I thought I was riding a bike, but I guess it was a vacuum cleaner
He was actually able to throw up in the bucket from the top bunk. im impressed.
Does slim fast make a chocolate heart for valentines? If so that's what she's getting.
I just put a tampon in while driving. Don't tell me I don't got skills.
The money is just too good to quit doing it. I'm using the same justification strippers use.
That gas station is used for only two things, picking up moonshine and getting murdered. Only two outcomes.
Carson kissed me on my cold sore before I could stop him so I think I gave my kid herpes. Mom of the year. Just call me MOTY.
He's going to find out eventually, but really what's he going to do? Cry about it and buy another fucking kitten??

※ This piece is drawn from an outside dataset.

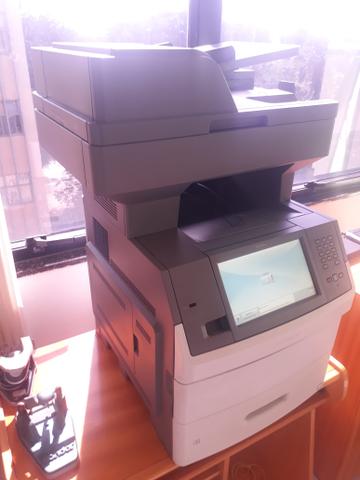 Impressora e Copiadora - Foto 3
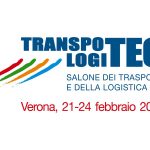 transpotec 2019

He said you asked to eat pepperoni off his dick and he thought it was weird
I mean I thought it sounded fun
He invited to drink but spelled forties wrong so no thx
People try and tell me I never learn me lesson, well that's a bunch of crap. I asked for Monday off for Superbowl recovery based on my experience last year.
Our sub is singing "i believe i can fly" after yelling at the class this whole time and this is really hella weird
Going to jail. Warrant. Be home late. For the love of god turn your ringer on.
I would offer you moral support, but I have questionable morals..
Why yes, I DID want cramps for Christmas, how did you know God?